═════ DATA FOR PROCESSING ═════
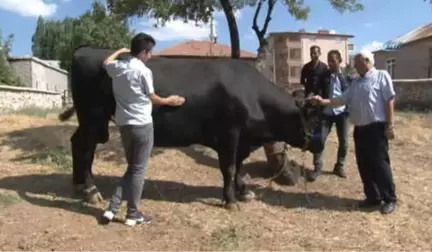 İki Tonluk Boğa Otomobil Fiyatına Alıcı Bekliyor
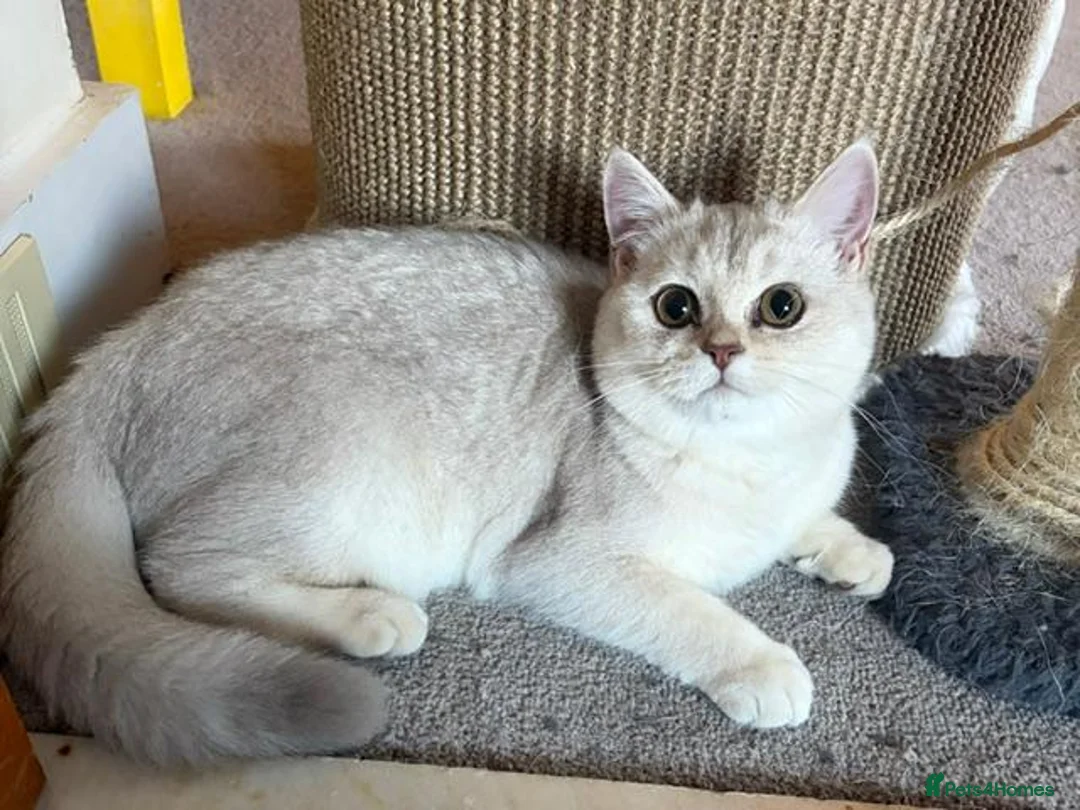 British Shorthair cats for sale: Beautiful Silver Shaded British Shorthair Girl  in Great Missenden - Advert 2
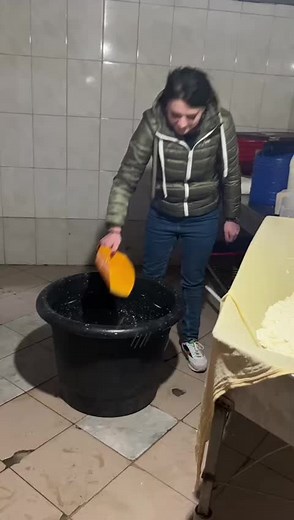 Cheese Making Process: From Curd to Creation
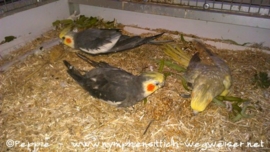 Lindbergh, Jacko und Rainbow 4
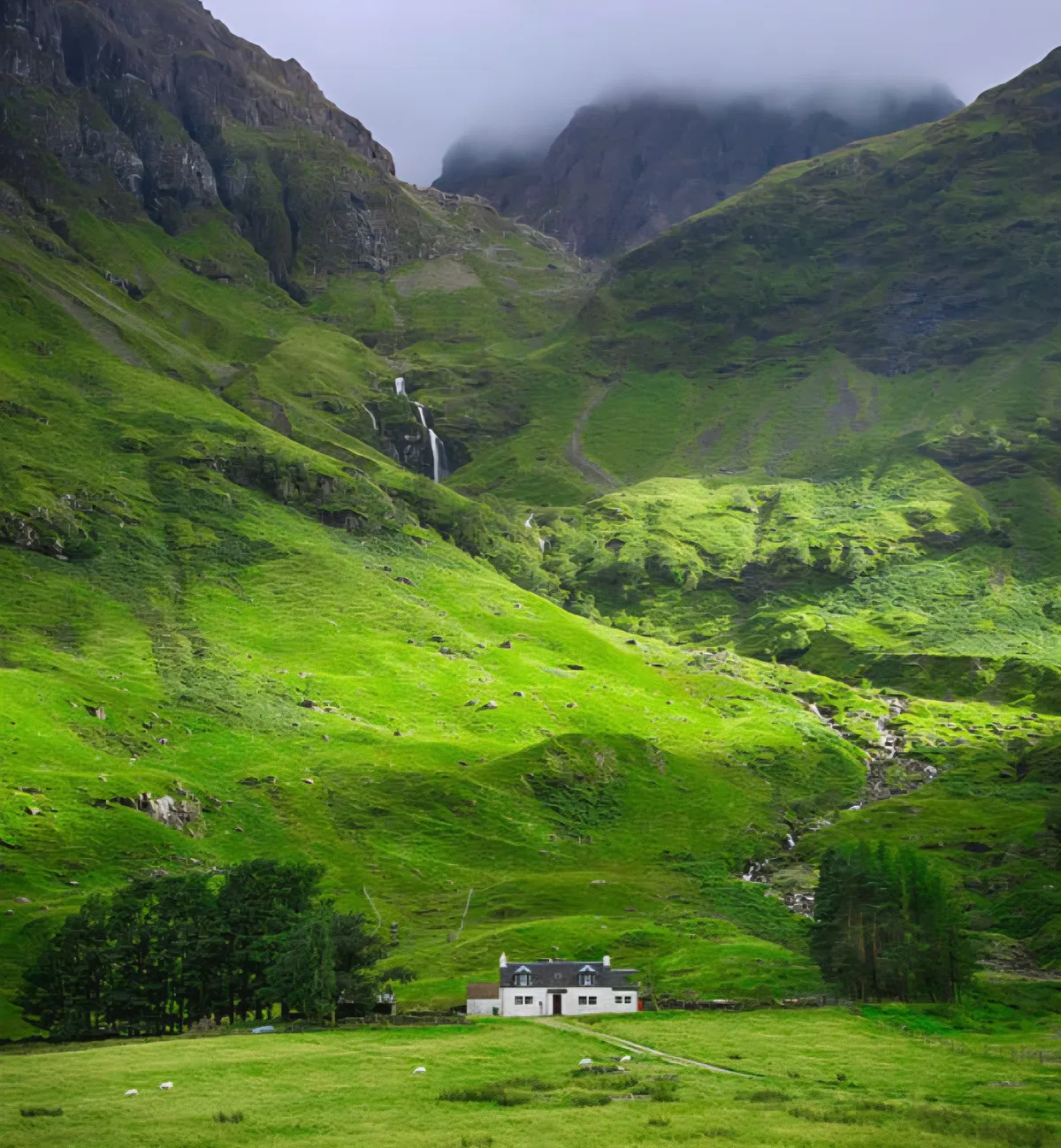 Avatar of Highlander Hospitality!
═════
THE PROBLEM
The records above are to be duplicated exactly, pictures left out.

TASK ANSWER
 İki Tonluk Boğa Otomobil Fiyatına Alıcı Bekliyor
 British Shorthair cats for sale: Beautiful Silver Shaded British Shorthair Girl  in Great Missenden - Advert 2
 Cheese Making Process: From Curd to Creation
 Lindbergh, Jacko und Rainbow 4
 Avatar of Highlander Hospitality!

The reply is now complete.